Everyone needs to see Washington DC, right? In second grade Lynn learned some American History. She also owns an Isabelle American Girl Doll, whose story is set in modern-day Washington DC. I had some credit with an airline from a canceled trip that needed to be used, and credit card points for a hotel. So after I put these pieces together, it didn’t take long to decide on: a mother-daughter trip to the Nation’s Capitol!
My first tip for planning a trip to DC is tell your member of Congress that you are coming
The major government buildings, including Congress, the White House and Supreme Court, all require reservations to tour. Your Representative or Senator can make these for you. The White House has very limited tours, can be hit or miss if you receive one, and can be canceled at the last minute based on official business. Our Representative’s office was able to schedule tours for us for Congress, the Supreme Court, the Library of Congress and the State Department.
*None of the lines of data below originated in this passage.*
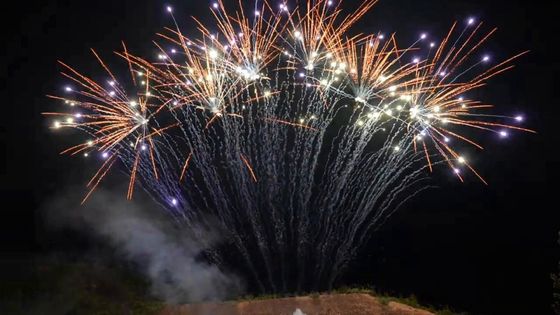 Pyrotechnie de la mandarine 1.3g 13 feux d'artifice simples professionnels de rangée de tirs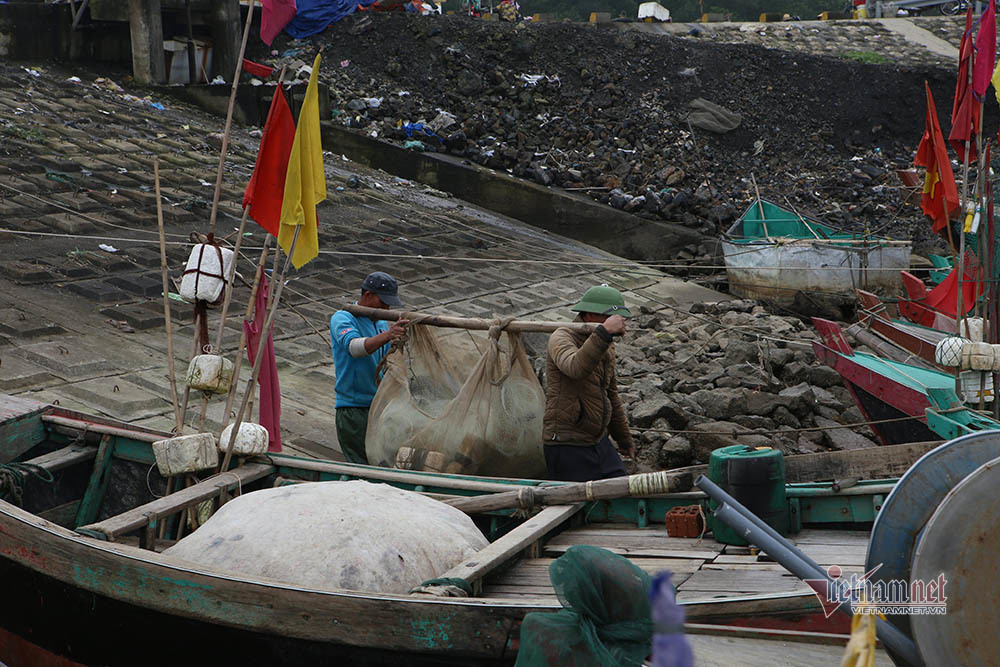 Ngư dân xã Thịnh Lộc (huyện Lộc Hà) dùng thuyền công suất nhỏ để đánh cá trích, cá đục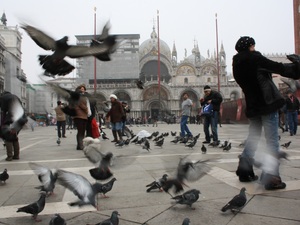 Piazza San Marco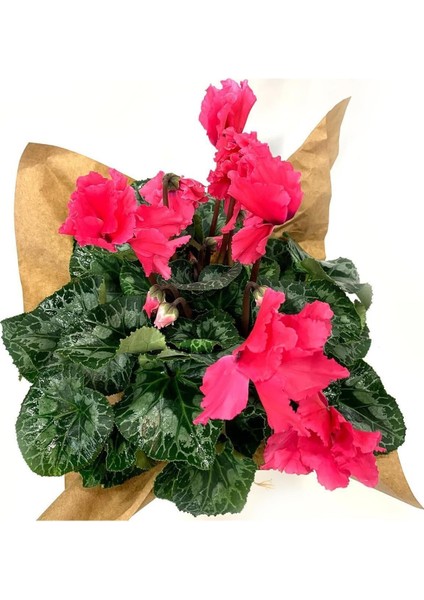 Pembe Cyclamen Sıklamen Saksı Çiçeği 35 cm Çiçekli Bodur Bitki indirimleri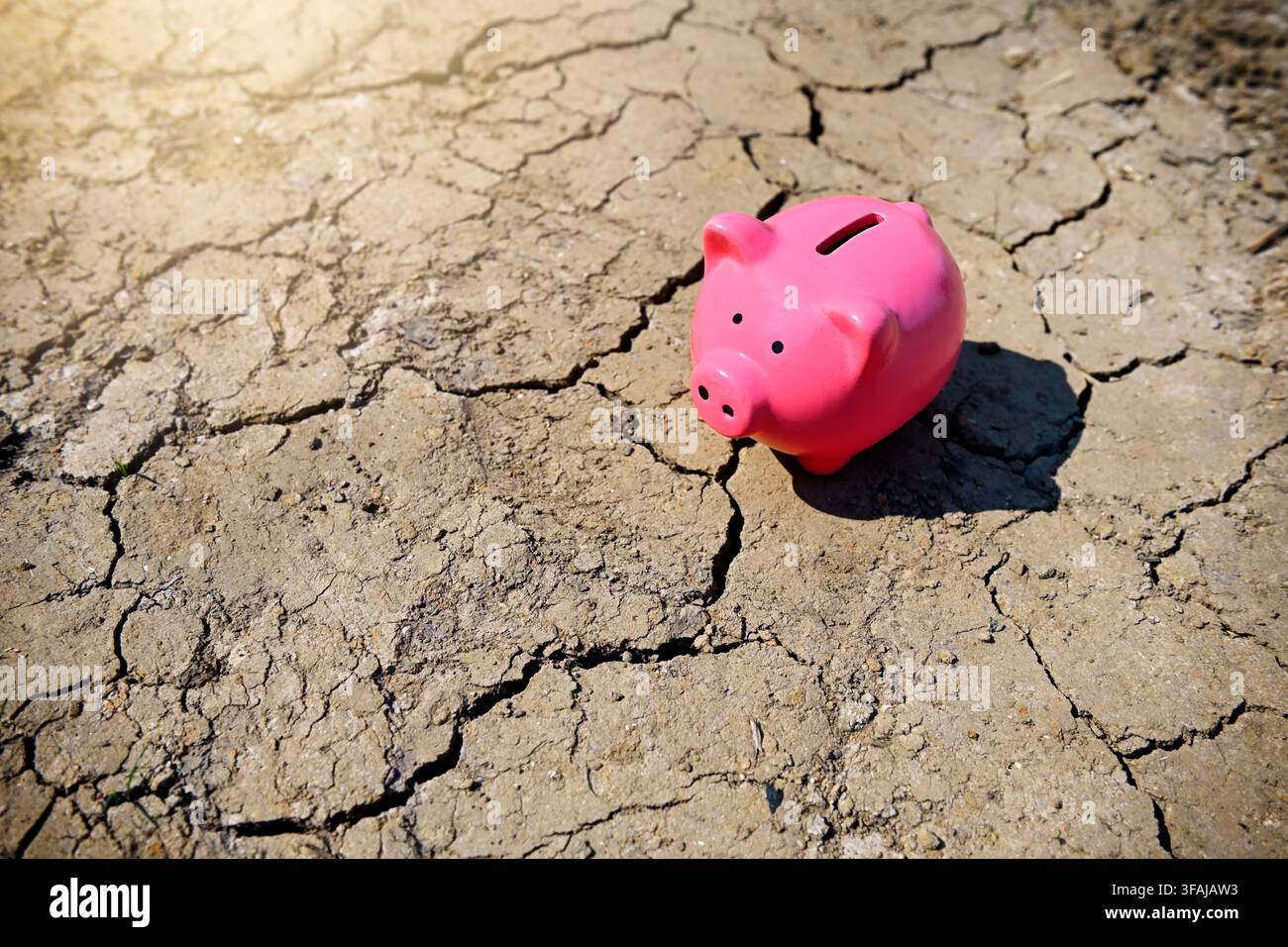 Tirelire sur sol sec, image symbolique des dommages financiers causés par le changement climatique, la sécheresse et l'aridité, photomontage Banque D'Images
Other Options for the White House
If you are unable to secure an official tour of the White House you can still visit the White House Visitor Center near by and admire it from the street or National Mall. The Visitor Center does offer a Junior Ranger program for children. There are many artifacts from previous Presidents during their time in the People’s House. We visited during December, which meant the National Christmas Tree was lit and the State Trees around it were decorated, which Lynn thought was really cool.
Visiting the National Mall
For Lynn one of the most exciting parts of the visit was seeing the Lincoln Memorial. You can view the entire Mall from the steps: all the way to the Capitol building. At night, you can see President Kennedy’s Eternal Flame burning at Arlington National Cemetery across the river from the back side of the Memorial. I enjoyed getting to see the World War II Memorial and Martin Luther King Jr. Memorial that have both been built since I visited as a teenager.
The Junior Ranger Badge for the National Mall is unique. Each monument you visit you collect a separate page to fill out, and when you have visited the required number of Memorials and collected the required number of pages you earn your Badge. The Badge can be picked up at any Ranger Station at any Memorial. This is one book that is available online as well. We printed the pages at home and used it to prepare for our trip. Lynn was able to complete most of it at home but there were activities that required being there and observing.
So Many Museums…
Another whole area to explore on your trip to Washington DC is the variety of museums. The Smithsonian Institute has 17 different museums in DC. We visited 2 of them and the Library of Congress. We visited The National Museum of Natural History and the National Museum of American History. One hidden place at the Library of Congress for your book-loving kids is the Young Readers Room. It’s located on the the side of the main reading room and is full of children’s literature. We spent some quiet time here, resting, in the middle of our busy day of exploring.
The National Museum of American History has many fun exhibits. Historical Exhibits and Pop Culture are both found here. Lynn enjoyed visiting the Spark!Lab designed for kids to become inventors. It’s a very hands-on exhibit and creative space. Kids walk through the invention process starting with finding a problem to solve, designing it on paper, and then building their creation. Lynn even explained to the staff how she would program it using what she knows about coding to do the things she had planned!
A few last tips!
There are not a lot of food options around the National Mall, but most of the Smithsonian Museums do have a cafeteria, and so do many of the government buildings You just have to know where to look. Also the hours: government buildings are limited to normal business hours, so keep that in mind when planning your schedule. We found the Smithsonian museums open a few extra hours. Only the monuments had extended hours, and they are quite a sight to see when lit at night.
There is so much to see and do here, you can’t possibly do it all in one trip. We couldn’t even see a whole Smithsonian (the main one) in a day! Another thing to keep in mind as you plan your visit is: not everything will be appreciated or understood by children. We are saving the Holocaust museum for a much later visit. We also did not visit Arlington National Cemetery. Many of the important people buried there she hasn’t studied yet. I feel like seeing the various memorials on the National Mall was enough for her at 8 years old to understand the sacrifice many have have paid for our nation and it’s freedom. Someday we will go back to see the others, when she has more context to understand them.